Prime Minister General Prayuth Chan-o-cha in October 2014 spoke about the ‘government policy to promote the use of bicycles as means of exercise oras a daily commute vehicle’, which ‘helps to improve people’s health and reduce air and noise pollution’.

The ‘Bike for Mom’ event in August 2015 attracted almost 30,000 cyclists. Bangkok Metropolitan Authority’s ‘City of Happiness’ policy includes various public transport and NMT measures such as 10,000 shared bikes and speed limits on shared roads. Cycling is popular in social media: there are over 100 Facebook websites directly or indirectly related to cycling, with approximately 1 million followers (GIZ, 2015).



Cycling short distances can replace motorized trips from cars and motorcycles, thereby reducing GHG emissions, local air pollutants, noise and congestion. It also helps making public transport more attractive, thereby increasing its catchment area and further promoting low-carbon, sustainable transport.

This ‘shift’ is promoted by the development of cycling infrastructure including bike lanes in Bangkok and other cities and provinces. These can be painted on the roads and sometime have physical segregation. Guidelines for design of NMT infrastructure along new major roads are being developed. Measures also include bike parking, traffic calming, and education.

The recently completed Bangkok Non Motorized Transport (NMT) feasibility Study (OTP (Ministry of Transport), 2014) provides a blueprint for 140 public transport stations that can be upgraded to facilitate interconnectivity and NMT accessibility

There are currently 50 bike sharing stations in Bangkok, and it is planned to expand them to more stations.


Implementation of this action includes:

  • Developing the network of cycling lanes (of various types) in Bangkok
  • Taking into account the local weather conditions (very important to encourage more people to go by bike) with the provision of trees and shade
  • Many trips are between 0.5 and 2 kms and currently there are some 50 stations (with more planned)
  • Other interventions around public transport stations such as secure bike parking
  • Improving parking management and enforcement
  • Policies related to design standards for roads in order to include NMT and driver road safety
  • Events, campaigns, educational measures to increase awareness of the benefits (health and environmental) of cycling.
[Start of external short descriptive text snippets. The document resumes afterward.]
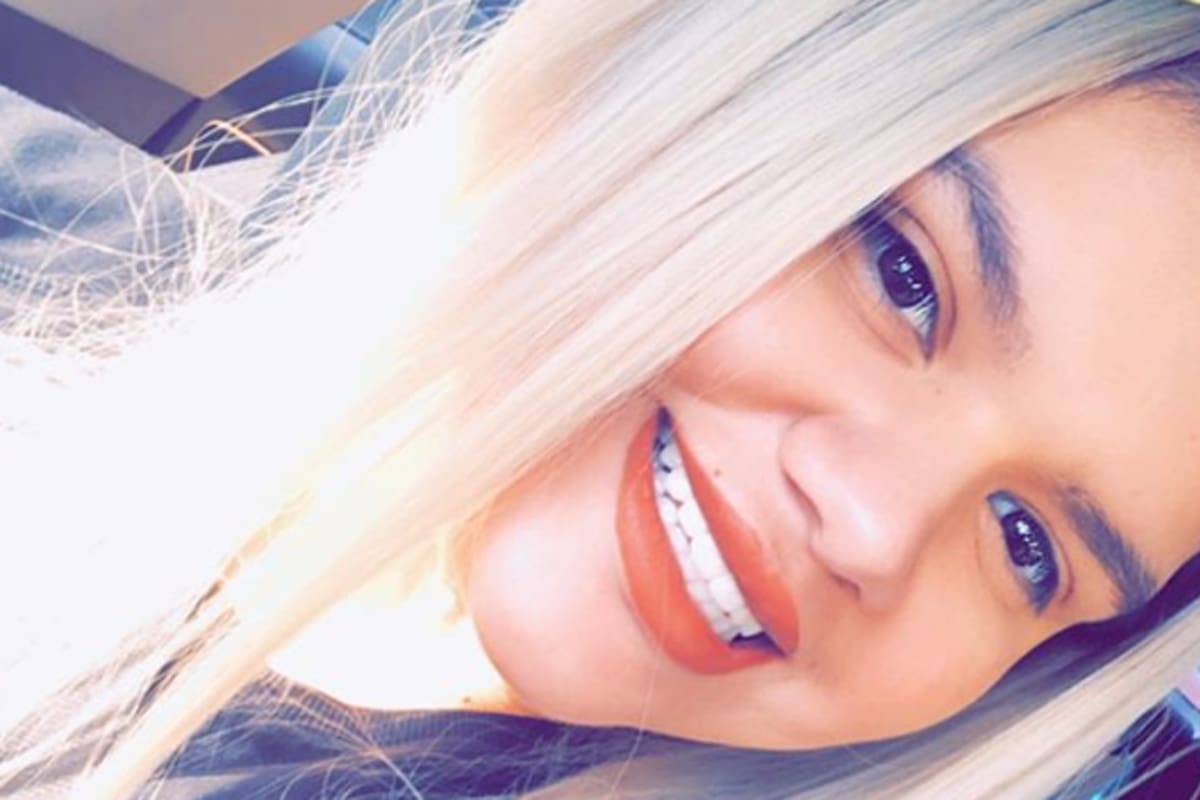Luego de que Ángel de Brito confirmara una reconciliación, Morena respondió en sus historias de Instagram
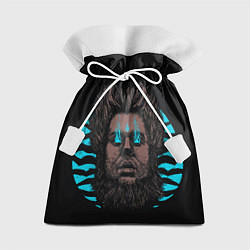 Мешок для подарков Wayne Static - X, цвет: 3D-принт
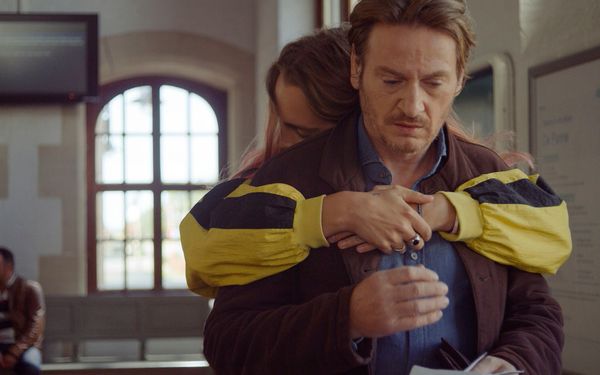 Le film « De son vivant » avec l’acteur Benoît Magimel
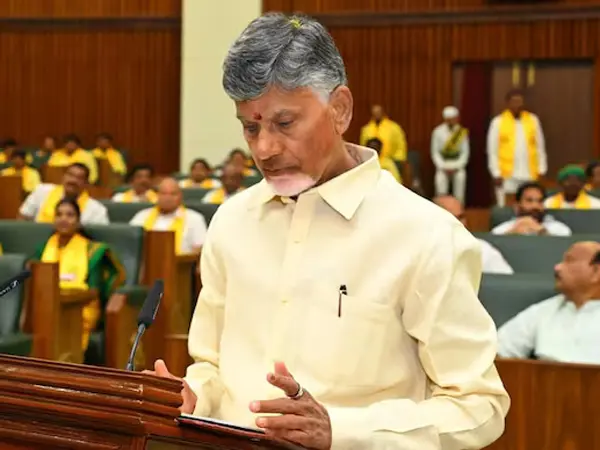 Andhra Pradesh: కరెంట్ ఛార్జీల పై సీఎం చంద్రబాబు కీలక ప్రకటన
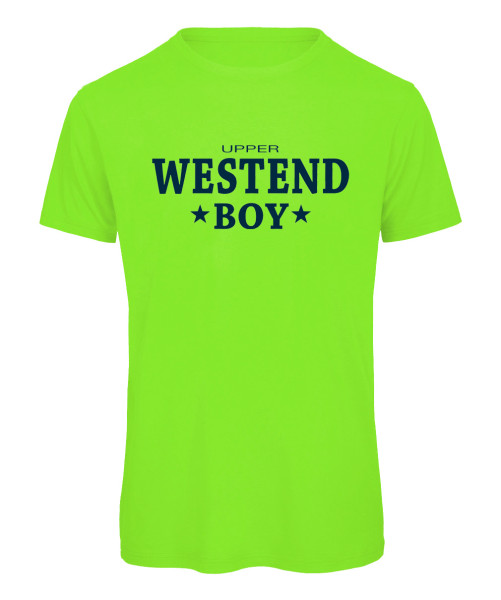Upper Westend Boy Neongrün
Policy and master plan development is done by the Ministry of Transport (Office of Transport Planning and Policy) and local government is responsible for implementation. Part financed by Bangkok Metropolitan Authority (BMA) the budget for the provision of bike lanes in municipalities are supported by the Ministry of Sport and Recreation budget ( fiscal year 2015-2016), the Departments of Highways and Rural Roads and local budgets.

Challenges include:

  • Current infrastructure conditions make cycling as a means of daily transport unsafe and inconvenient.
  • NMT suffers from low public image (even though cycling, particularly for fun and exercise, is enjoying rising popularity among middle classes)
  • Road space allocation is predominantly done based on car-oriented planning
  • Zebra crosswalks are absent or hardly visible, and not respected by motorists nor enforced by the traffic police
  • Cycle lanes are being considered and built on some major roads and sidewalks, however these presently don’t connect the origins and destinations of trips well and are often blocked by vehicles, street vendors or stationary objects.
  • Key issues is include difficulties safely to cross the street or highway or to make a right-turn; and carrying a bike up on a footbridge to do so is a challenge few cyclists are willing to take.
  • Most currently planned and constructed bike lanes are primarily intended for sport and recreation purposes rather than to encourage commuting by bike and are disconnected from the main transport network.
  • Bicycle theft, and absence of bike parking facilities at many public transport stations are also barriers to the take up of cycling.
  • A hot and humid climate, for most of the year, is not conducive to NMT (walking or cycling), particularly at mid-day.
  • The current use of cycling infrastructure is not monitored; and data is limited.


Cycling is low carbon and switching any trip from a motorized mode to cycling will deliver CO2 reductions. The GHG emission reduction potential for Bangkok and Thailand is still to be estimated but it is expected that increasing cycling will is an important part of a broader NAMA for urban transport, (to be submitted to the UNFCCC).

  • Improved health and general fitness
  • Better access to transport for all groups of society (equity)
  • Better use of road space, as bikes take up a lot less space and addressing car-dependency
  • Decreasing air pollution as cycling produces no local or GHG emissions
  • City liveability

Potential for scaling up

A fully integrated network of high quality and convenient cycling infrastructure, including safe intersections, requires consistent short and long-term planning, finance and supporting policies. Sometimes hard choices regarding allocation of road or parking space will be required. All interested parties and stakeholders need to discuss jointly the necessary and desired interventions in order to be able to implement incremental improvements over time. Currently the Thailand Cycling Club and various other organizations are already working on this through policy discussions, events, information gatherings.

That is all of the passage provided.